In other instances, friends simply didn’t—or for their own reasons, couldn’t—show up in the ways they used to. “I was going through something rough in my professional life in a public way, and someone I considered as one of my best friends couldn’t give me the support I needed,” Nicole, an author and consultant in upstate New York, explains. “I expressed my pain and how terrified I was—multiple times—but still, no real empathy. I knew I had to set the friendship free,” she recalls. Nicole adds that she left the door “ajar” for a possible reconciliation, but she’s ambivalent. “After what I’ve been through, I’m not sure I even want it.”
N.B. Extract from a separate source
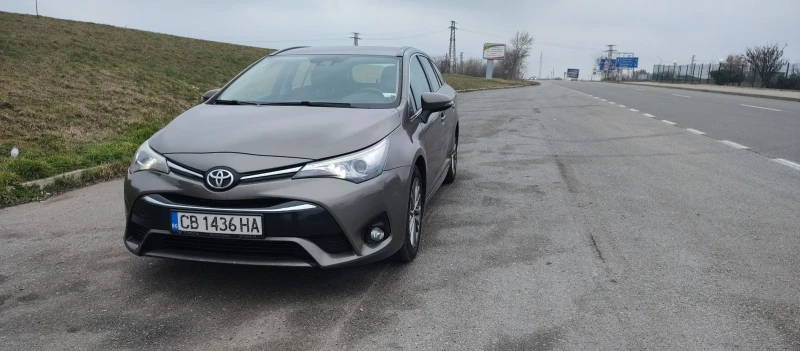 Toyota Avensis 2.0 D4D, снимка 2 - Автомобили и джипове - 49402707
Only now are many of us assessing our emotional balance sheets of 2020, especially as the prospect of socializing and seeing friends again becomes more realistic: Who are the ones we want to see most? Or at all? “In July last year, this all still felt pretty new. It was being talked about as a much shorter-term moment, and I think that we’re all in a place now of having done some serious evaluations of which friendships are serving us,” notes Ann Friedman, who co-authored Big Friendship: How We Keep Each Other Close with her best friend, Aminatou Sow (they also host the popular podcast Call Your Girlfriend). There’s this intentional “take it or leave it” mindset, she acknowledges. “It feels like there’s not a lot of middle ground right now.”
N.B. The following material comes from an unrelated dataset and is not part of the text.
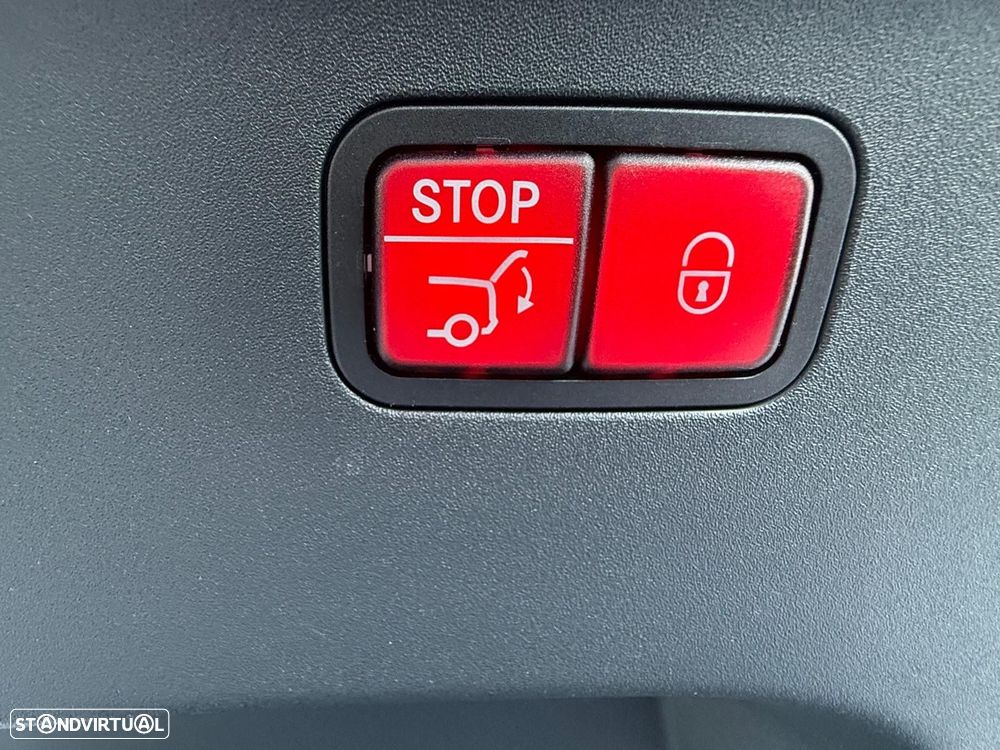 Mercedes-Benz AMG GT 53 4Matic+ - 34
And now it’s 2021. I’m hopeful that this year will be better than the last. But as life continues to normalize and anniversaries of traditions and rituals I’d typically share with my former friend arise, the void of her absence is finally hitting me, hard and unexpectedly, in painful waves of grief and guilt.

Why couldn’t I acknowledge this unraveled friendship and process my grief at the time? Admittedly, I was ashamed, both for my perceived failure as a friend, and then for feeling badly about it, especially with everything else going on: in my own life, yes, but mostly in the world at large. How could I bemoan a dissolution in which I’d participated when friends and siblings were fighting for their jobs (or, in some cases, their marriages) and adopting the roles of at-home teachers, and as the country was flaring up in protests? Or what about the devastating toll of the pandemic on those who lost loved ones forever—and often without a chance for goodbye?

“Part of it is specific to this collective trauma—what we’re all going through—and how easy it is then to invalidate our own experiences and felt losses,” Miriam Kirmayer, a clinical psychologist and friendship expert, says. She’s seen a rise of similar issues within her practice this last year, however she notes that the challenging grief around friendship loss is also universally constant. “So many of us have internalized this belief that we should just know the ins and outs of adult friendship, that we should have figured out how to maintain our friendships. And because of that, we end up personalizing the experience and thinking that there’s something wrong with us.”

So what’s next? First, acknowledging my feelings and knowing that I’m not alone in having them, Kirmayer tells me. “The starting point for coping with any kind of relationship challenge is focusing on the relationship we have with ourselves,” she says. Connecting with others helps, too, most especially if we can identify what we need in the moment, whether it’s a good listener, a friend who can offer humor or levity, or someone to join in an activity. If anything, bringing more vulnerability and authenticity into those relationships could be a meaningful investment. “We can see it as an opportunity to focus on the quality, not the quantity, of those connections,” Kirmayer adds.

She’s right. The friendships I’ve maintained and made during this time, though few, feel stronger and more genuine than ever. The number hasn’t shrunk to a handful yet, so I’m holding on tightly.